Sequence isn’t a refinement of Iterator, the way that Collection is a refinement of Sequence. A Sequence is an object that gives you the ability to create an Iterator. An Iterator represents a mutating cursor that steps through the items in its Sequence one-by-one. You can kind of think of the sequence as a parent to the iterator. I think the only semantic requirement of an Iterator is that once it returns nil (which terminates the iteration) it never returns an non-nil value after that.

(Saagar Jha) #34

It’s the same thing as

for outer in 0... {
	for inner in 0... {
		print("\(outer) \(inner)")

just reordered in a way that makes it countable. The difference between my sequence and one in which “the inner loop would never terminate” is that mine requires the sequence to be multi-pass, and yours maintains a single pass.

(James Froggatt) #35

Thanks for the response, but my original phrasing may have been unclear. Do the requirements for Sequence, that an object may generate iterators, allow for any useful generic functionality over Iterator itself other than the potential for multipass? Otherwise, is there an implementation reason?

The example given in the Iterator docs, of a standard Sequence implementation, appears to simply add multi-pass support to the combined Iterator & Sequence example from Sequence’s doc, without providing any alternative use cases.

edit: less words.

(^) #36

this is exactly the same as

for inner in 0... 
    print("0 \(inner)")

assumming 0… is an actual infinite sequence and not just 0 … Int.max

(Soroush Khanlou) #37

One thing that Sequence can do that Iterator can’t is be used in for...in loops. Anything that conforms to Sequence can be used in a for loop. Does that answer your question?

(James Froggatt) #38

Partially, but the requirement of Sequence conformance for _ in use seems arbitrary. Couldn’t every Iterator be retroactively conformed to Sequence, since Sequence provides a default implementation for makeIterator() where Self: Iterator? Would such a conformance ever be invalid?

(Soroush Khanlou) #39

It wouldn’t ever be invalid, but I do think it’d be a bit anti-idiomatic. However, the standard library does include an IteratorSequence which wraps an iterator and promotes it to a sequence:


(Saagar Jha) #40

Yes, I realize that. What I’m saying is it’s possible to take the cartesian product of two (countably) infinite sequences if you do it right, which was posted in response to


I don’t buy your argument that what I did was not an infinite sequence. 0... by itself is certainly one, and my cross product will eventually iterate through all of it–if it wasn’t finite it would be illegal to call it ℕ×ℕ, which is what it produces.

(James Froggatt) #42

Bringing this back to the main topic:

My initial reasoning was backwards, which is obvious is retrospect - Iterator is a subset of Sequence, those which are single-pass, rather than a protocol with looser requirements than Sequence. Iterators must be single-pass, as the next() function requires storing the current index.

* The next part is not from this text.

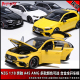 NZG 1:18 奔驰 A45 AMG 多款颜色可选 合金全开汽车模型 包邮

Given that Iterator is a strict subset of Sequence (as conforming any Iterator to Sequence is trivial), and given this subset is of every single-pass Sequence: either Iterator should be regarded as inheriting from Sequence, or Sequence should remove single-pass iteration from it’s domain.

But from this perspective, it’s clear that Iterator does inherit from Sequence ‘in spirit’, but in practice formal inheritance would require makeIterator() returning self be present on every Iterator, which would make for a bad API, leading to the current design.

A proposed MultipassSequence protocol would inherit from Sequence, being placed between Sequence and Collection, and represent the subset of Sequences which are not Iterators.

However, the current Sequence/Collection protocols each make important guarantees from an efficiency perspective. A MultipassSequence protocol, while providing symmetry to Iterator, would only allow certain Sequence algorithms to be more concise, but with a major tradeoff of losing genericity over single-pass Sequences.

If this summary of the situation is generally correct, I’m in support of not adding a multipass protocol.